- Born: 7 August 1950
- Died: 14 December 2019 (aged 69)
- Occupations: Actress, Social Worker
- Years active: 1972–2019
- Spouse: Siddharth Kak
- Children: Antara Kak

= Gita Siddharth =

Indian actress and social worker (died 2019)

Gita Siddharth (7 August 1950 – 14 December 2019) was an Indian actress and social worker. She acted in mainstream Bollywood as well as art cinema, like Parichay (1972), Garm Hava (1973), and Gaman (1978).

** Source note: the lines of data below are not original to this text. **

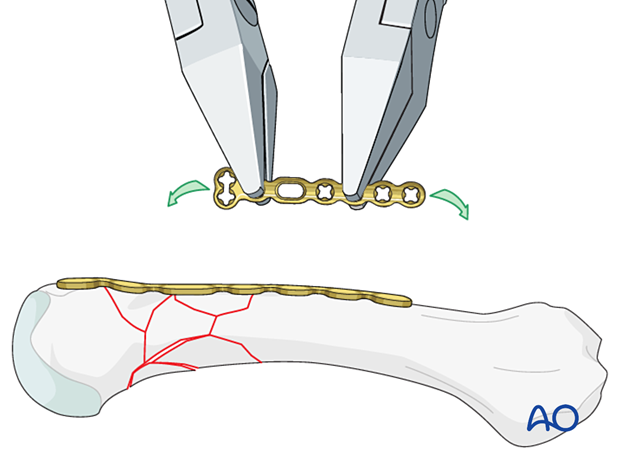 Bridge plating of a multifragmentary extraarticular fracture of the distal metacarpal – plate contouring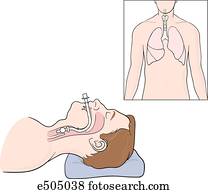 Main image shows how, when properly positioned, the cuff of the endotracheal tube should be just below the vocal cords.  Insert shows how the distal tip of the tube should be above the carina.
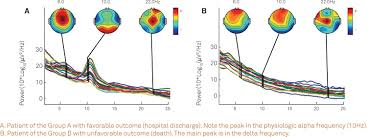 eeg channel spectraçåçæå°çµæ
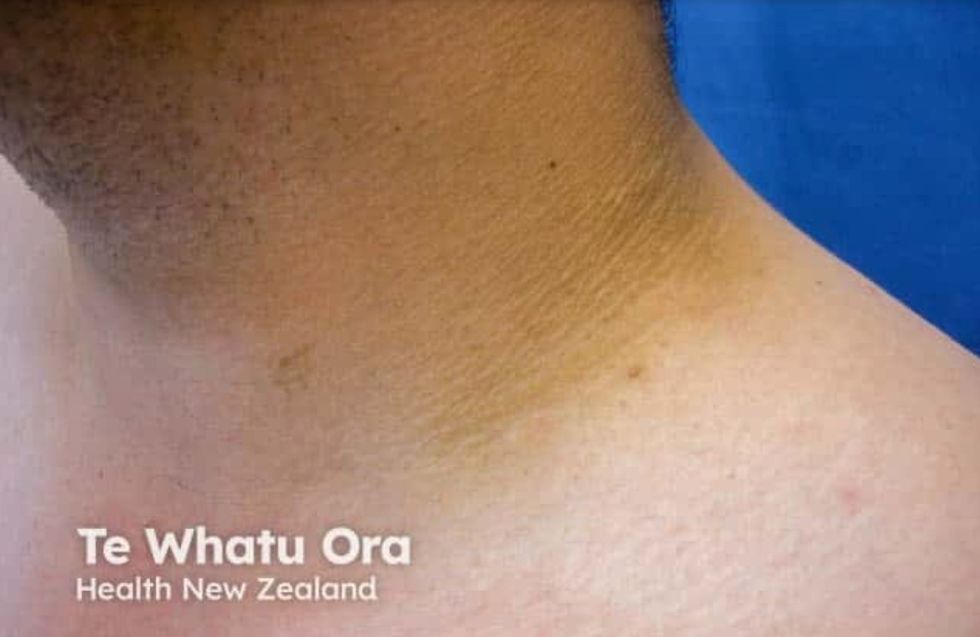 Darker skin around neck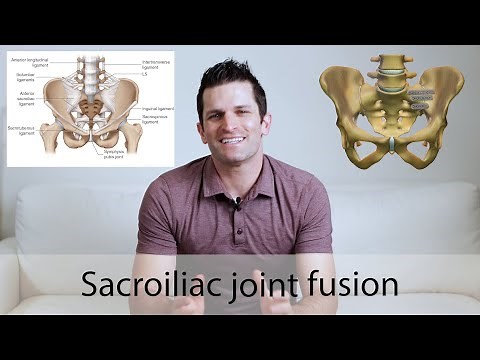 Sacroiliac joint fusion surgery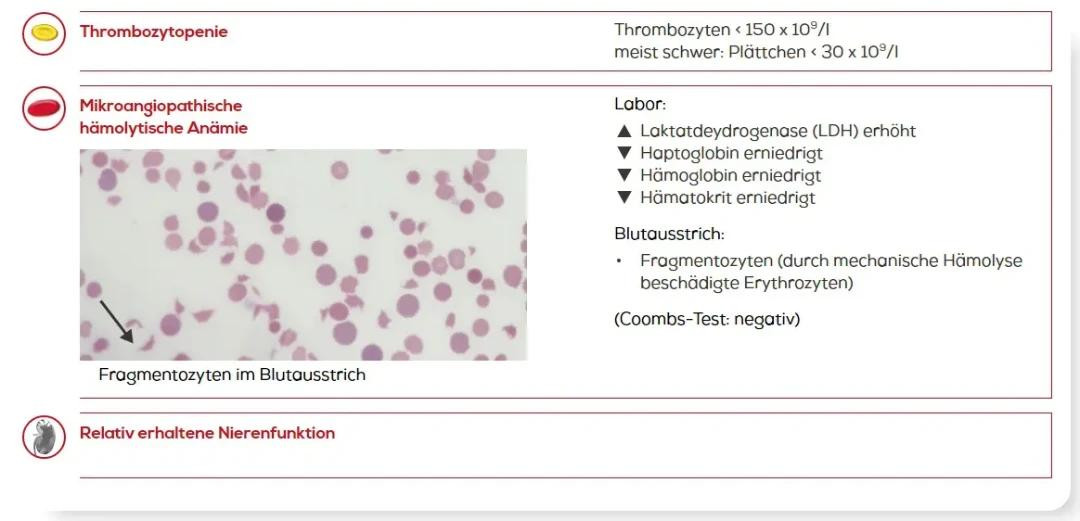Laborbefunde bei TTP mit Thrombozytopenie, mikroangiopathischer hämolytischer Anämie mit mikroskopischem Bild von Fragmentozyten und weiteren Laborparametern wie erhöhter LDH, erniedrigtem Haptoglobin und negativem Coombs- Test, wobei die Nierenfunktion relativ erhalten ist.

She was best known for her role in M.S. Sathyu's Garm Hava (1973), at the 21st National Film Awards, where the film won the award for Best Feature Film on National Integration, and she received a souvenir as the lead actress.

She was married to documentary maker, television producer, and presenter, Siddharth Kak, most known for his cultural magazine show, Surabhi in the 1990s. Their daughter Antara Kak is a documentary filmmaker. Gita was also an art director with the show. She died on 14 December 2019.

==Selected filmography==

- Parichay (1972)
- Garm Hava (1973)
- Sholay (1975)
- Doosra Aadmi (1977)
- Gaman (1978)
- Trishul (1978)
- Noorie (1979)
- Sadgati (1981)
- Ladaaku (1981)
- Shoukheeen (1982)
- Suraag (1982)
- Desh Premee (1982)
- Arth (1982)
- Disco Dancer (1982)
- Mandi (1983)
- Nishaan (1983)
- Kasam Paida Karne Wale Ki (1984)
- Zabardast (1985)
- Ram Teri Ganga Maili (1985)
- Alag Alag (1985)
- Ilzaam (1986)
- Ek Chadar Maili Si (1986)
- Ek Aur Sikander (1986)
- Nazrana (1987 film)
- Dance Dance (1987)
- Paap Ki Duniya (1988)
- Paap Ko Jalaa Kar Raakh Kar Doonga (1988)
- Farz Ki Jung (1989)
- Insaaf Apne Lahoo Se (1994)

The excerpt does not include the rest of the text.